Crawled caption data
——————

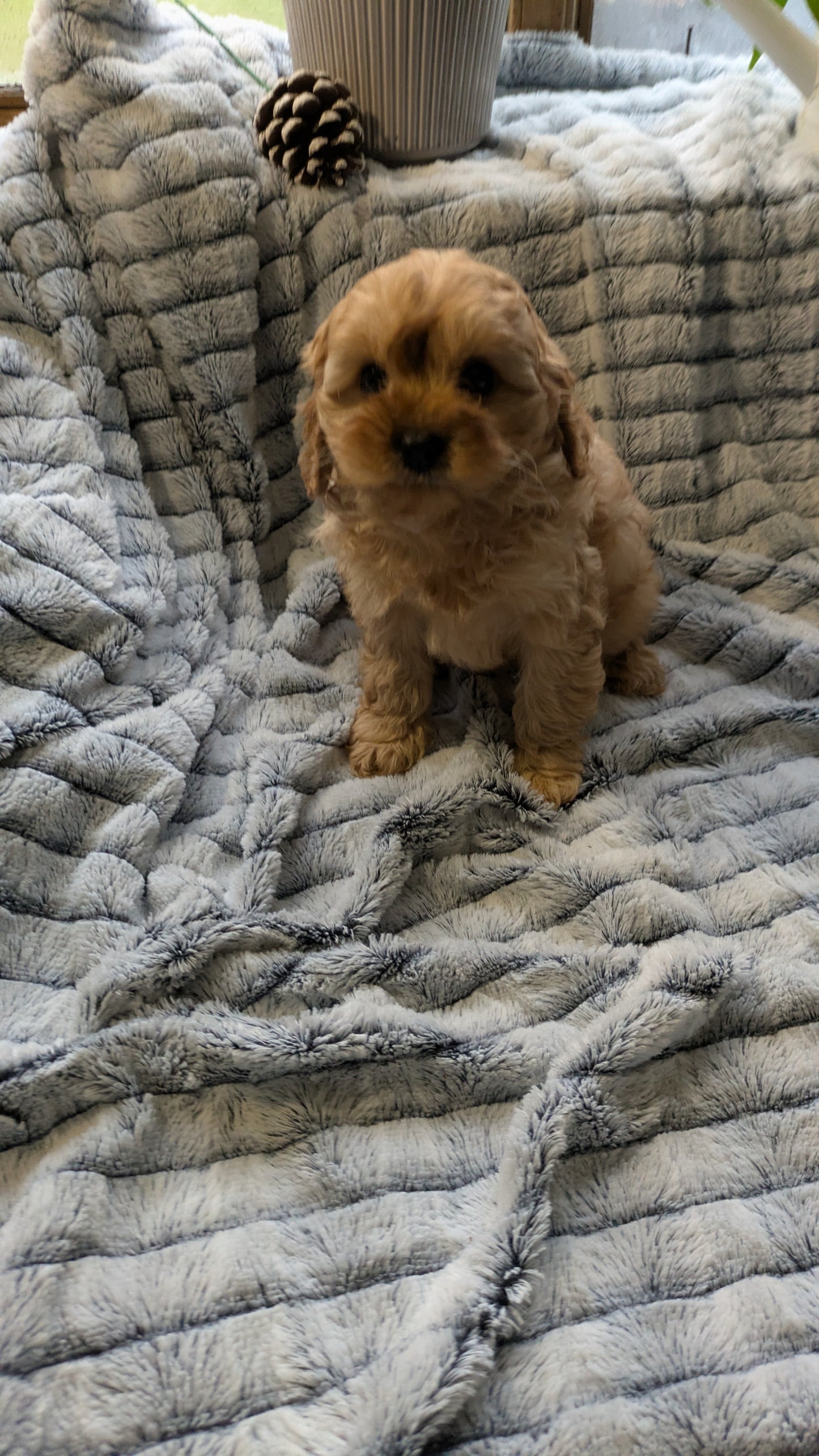 CAVAPOO (11/05) FEMALE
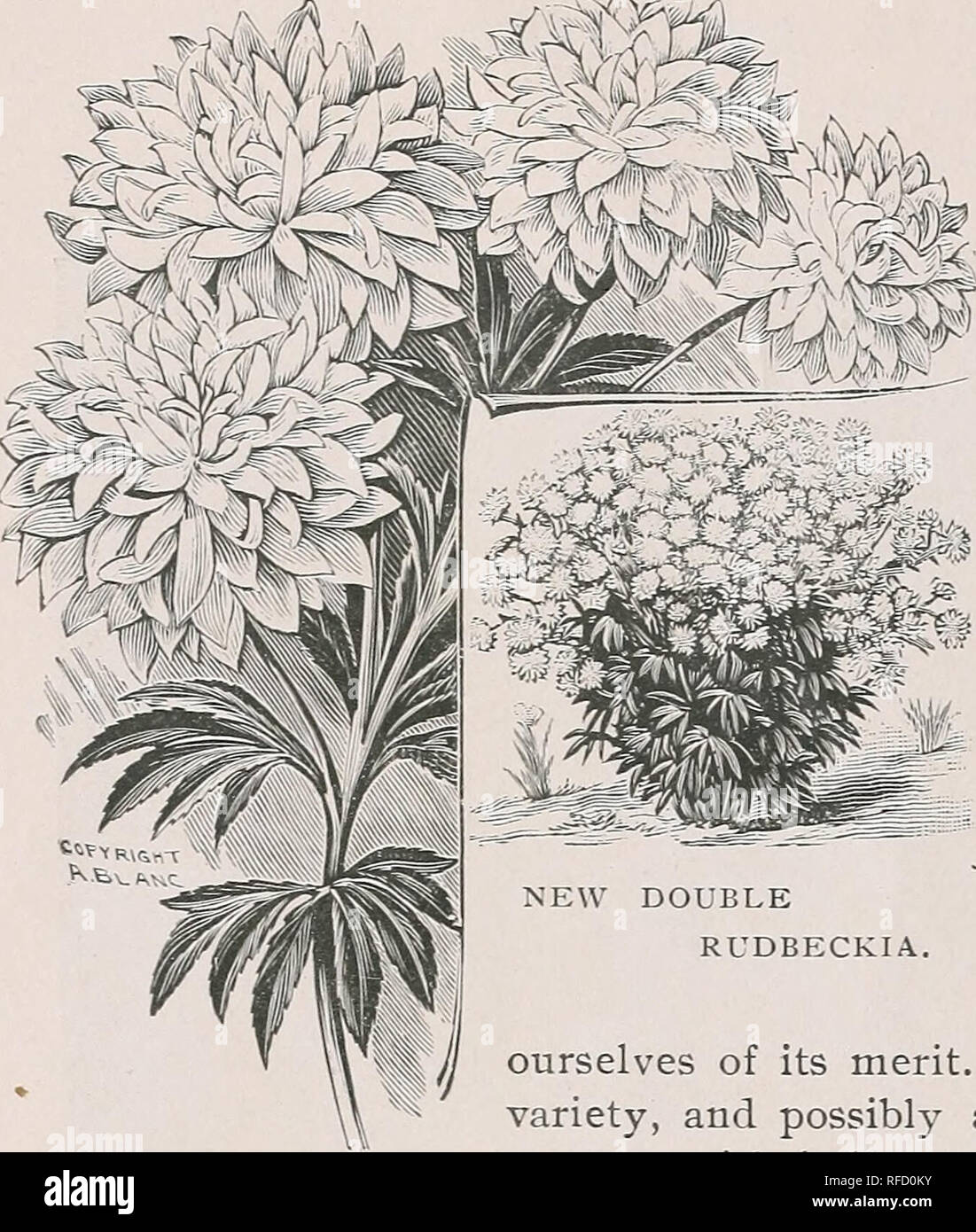 . Trade list of American plants and shrubs. Nursery stock, New Jersey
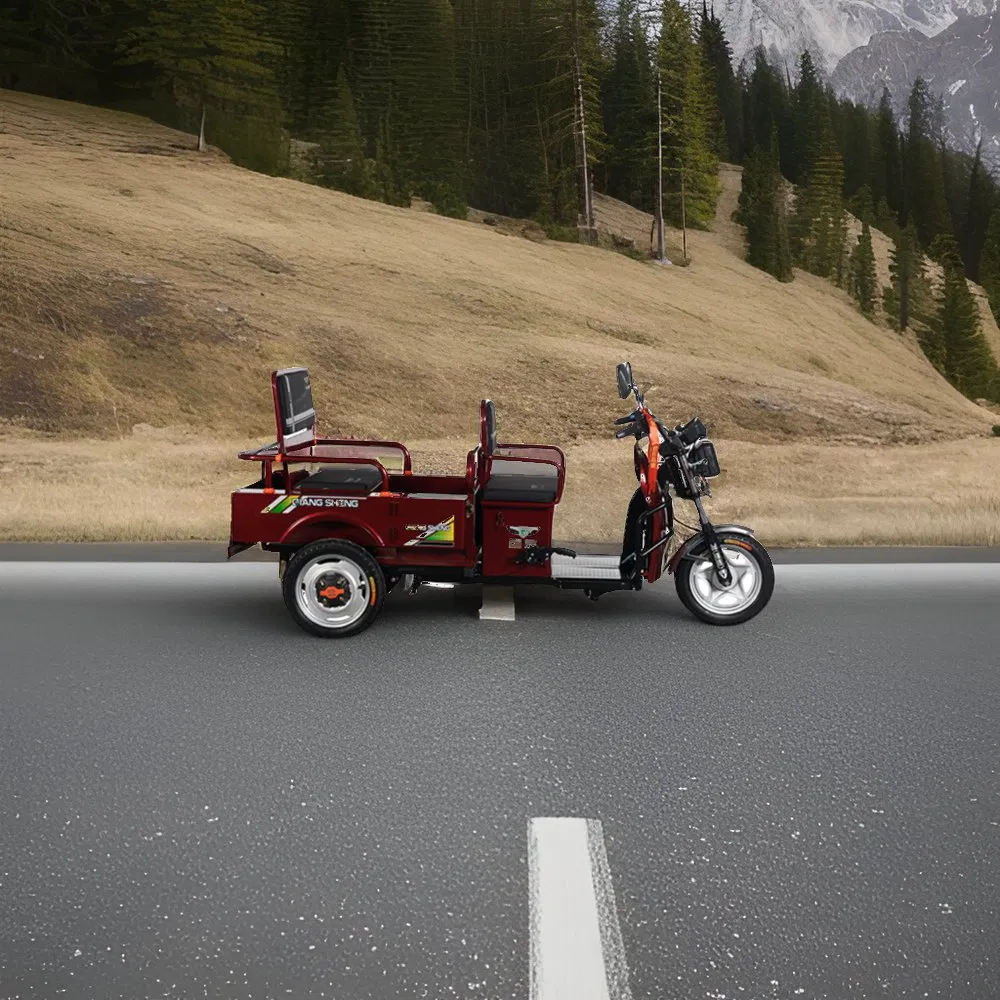 2025 New Hot Sale Model 3 Wheeler Electric Passenger with Cargo Electric Tricycle 650W Motor - detail 1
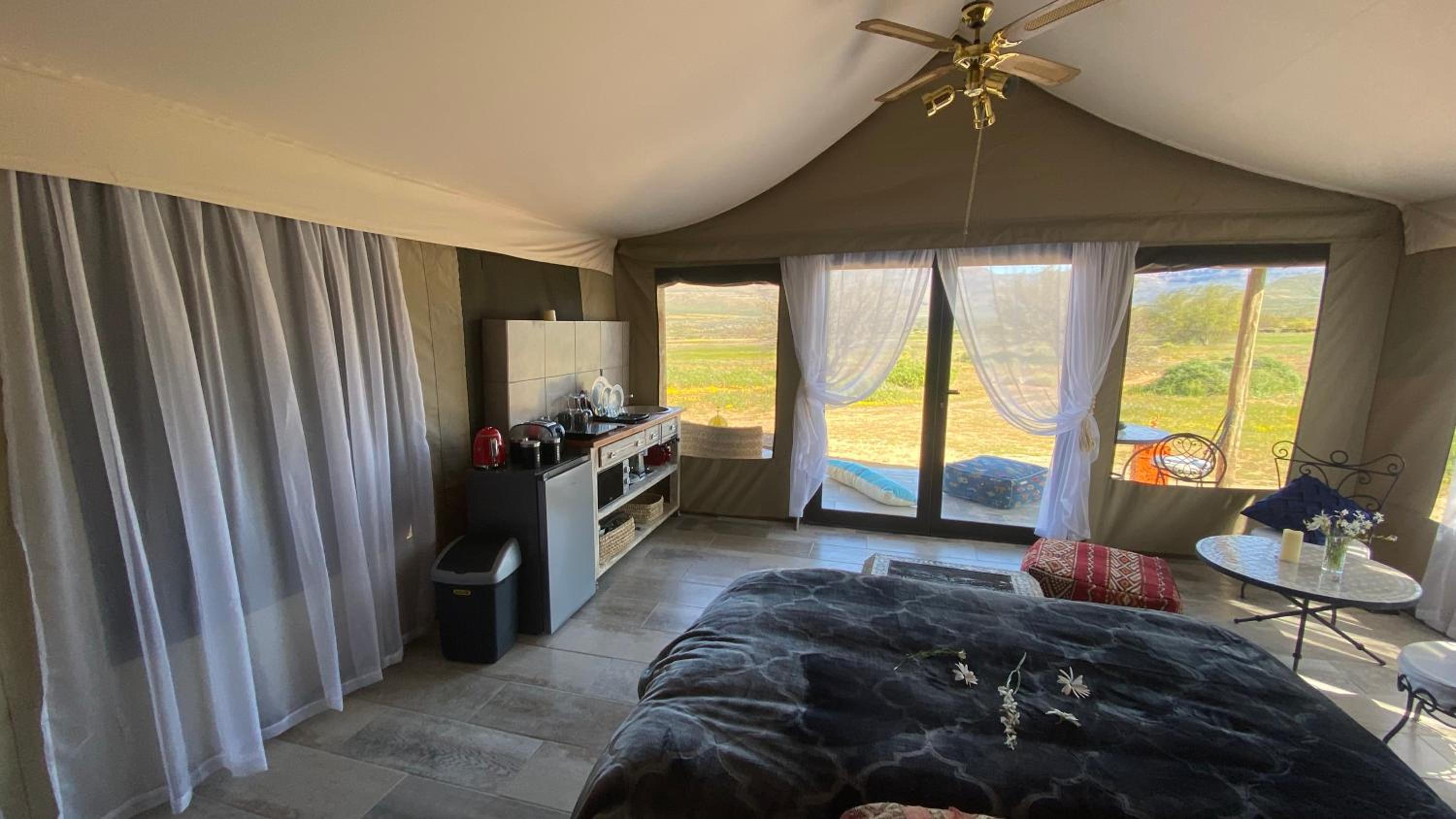 Marquee Safari Tent lachenalias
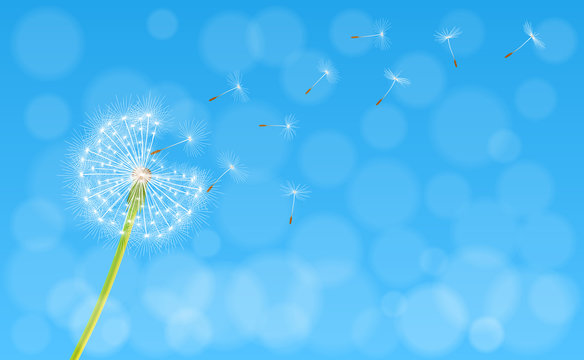 Abstract spring background with dandelion flower and seeds, vector illustration.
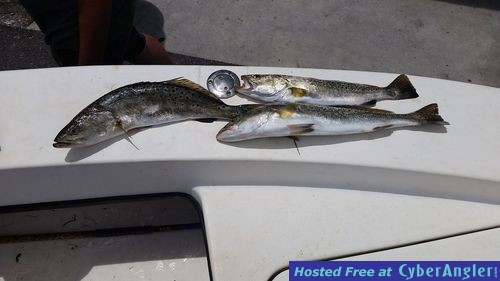 www.hookedoncharters.com flats fishing guide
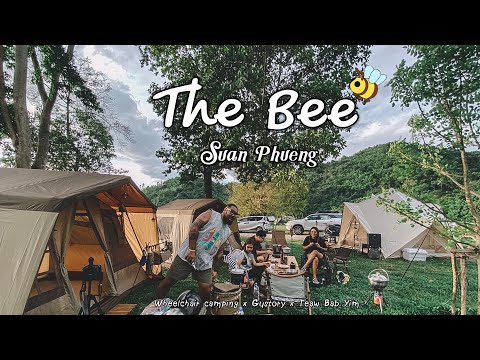 กางเต้นท์-The-Bee-สวนผึ้งราชบุ กางเต้นท์-The-Bee-สวนผึ้งราชบุ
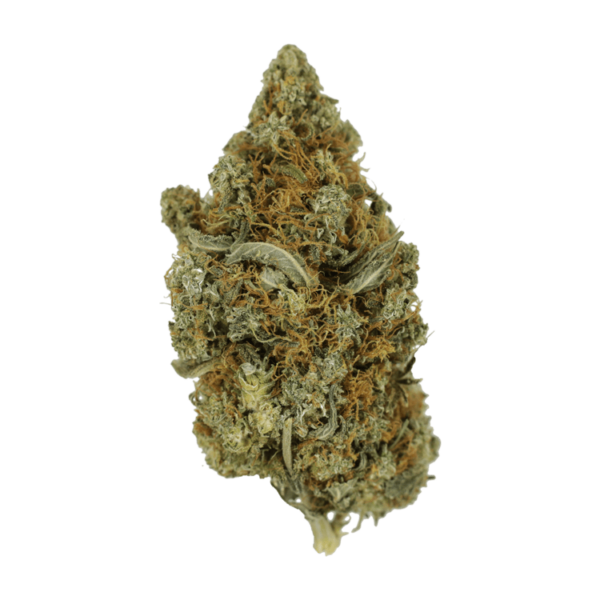 Jack Herer 1 Ounce | Buy Weed Packs Canada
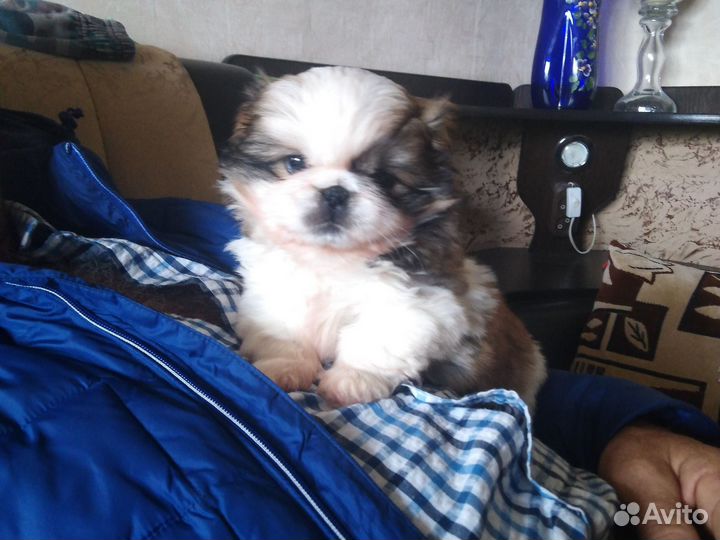 Щенки пекинеса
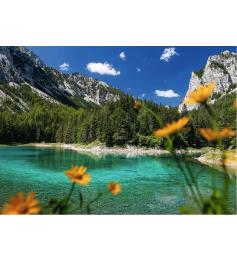 Puzzle Ravensburger Lac Vert Près De Tragöb 1000 pièces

——————

WHAT TO PRODUCE
The final stretch of the data, from the line with "กางเต้นท์-The-Bee-สวนผึ้งราชบุ กางเต้นท์-The-Bee-สวนผึ้งราชบุ" through its last line, is to be retyped exactly; pictures are not part of the copy.

PROBLEM SOLUTION
 กางเต้นท์-The-Bee-สวนผึ้งราชบุ กางเต้นท์-The-Bee-สวนผึ้งราชบุ
 Jack Herer 1 Ounce | Buy Weed Packs Canada
 Щенки пекинеса
 Puzzle Ravensburger Lac Vert Près De Tragöb 1000 pièces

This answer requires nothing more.